Other additions to spice up the new 2011 Porsche Cayman R include a new front bumper and fixed rear spoiler, and together with black wing mirrors, black headlamp surrounds and ‘Porsche’ decals, it’s a cohesive little package that makes the R looks much more aggressive than the S.

There’s 20mm lower suspension, itself tweaked to take the weight reductions into account, and there’s a proper locking rear diff. Unfortunately you also lose the slick cupholders that slide out of the dash and the dashboard is low-rent plastic rather than leather-covered. Such are the sacrifices you make in the name of performance chez Porsche.

Any other changes to the new Cayman R?
Some tweaks are less intense, but still welcome: the direct-injection 3.4-litre flat six is now in Boxster Spyder-spec, with power increased by 10bhp at 200rpm higher. Our car had the optional twin-clutch, seven-speed PDK gearbox, but whether you opt for it or the six-cog manual, the 0-62mph time drops by two tenths, to 4.9sec for the self-shifter and 5.0sec for the enthusiasts’ favorite.

The top speed for either ‘box is up a few inconsequential mph, but the weight reduction means both versions of the Cayman R are a little cleaner and greener than the Cayman S that sits below: thirst and emissions tumble from 28.8mpg and 230g/km to 29.1mpg and 228g/km for the manual; the PDK-specced one drops from 30.1mpg and 221g/km for the Cayman S to 30.4 and 218 for the Cayman R PDK.

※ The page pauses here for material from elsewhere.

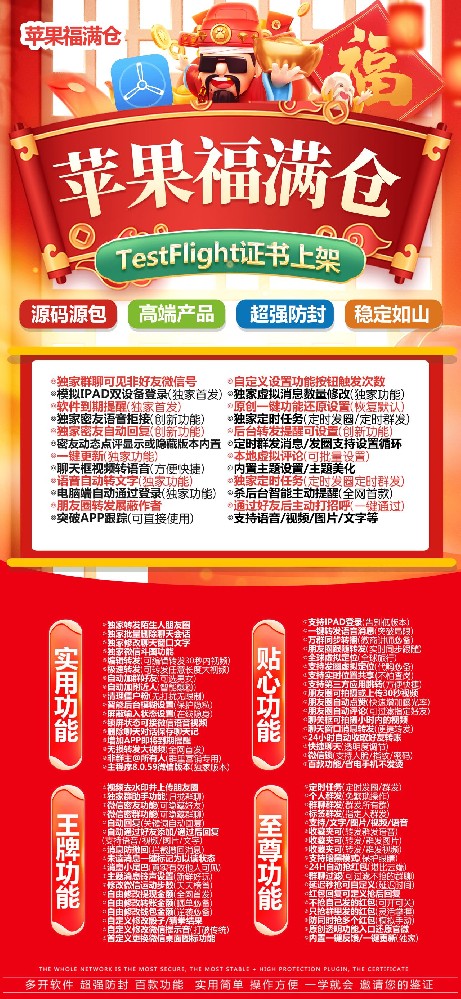 苹果福满仓微信多开-微信多开软件购买平台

What's the Cayman R like to drive?
Brilliant. The R's steering is beautifully weighted and detailed, it’s more exploitable and friendly than a 911, and with the car’s sports exhaust there’s a proper hair-erecting howl. The seats are great, offering excellent support without the back-breaking hardness of Porsche’s most extreme buckets.

This car had pretty much every option on it, including the PDK ‘box and ceramic brakes. There’s never been much wrong with regular Porsche stoppers, but the PCCBs are relentlessly strong, have great feel, and will stand you in good stead if you intend to take your R on a few track days. You might prefer the Cayman's precise manual transmission, but the double-clutch PDK unit is slick when you’re cruising around, and the optional Sport Chrono Pack has buttons to sharpen the throttle response and turn the PDK gearbox into a super-sharp unit when you’re on it. It’s got a proper set of paddles, too.

The Cayman R is an excellent sports car: fast, fun, and all the changes make it a little sharper and more incisive than the regular Cayman S, already a favorite around these parts. Our ideal spec? The bigger 64-liter fuel tank is a no-cost option we’d definitely have, air-conditioning is a necessity, and many buyers will pick sat-nav. Then you’ve got a Cayman that’s faster and more focused than the Cayman S and edging ever closer to that entry level 911 Carrera.

The Cayman R is a great example of Porsche doing what it does best.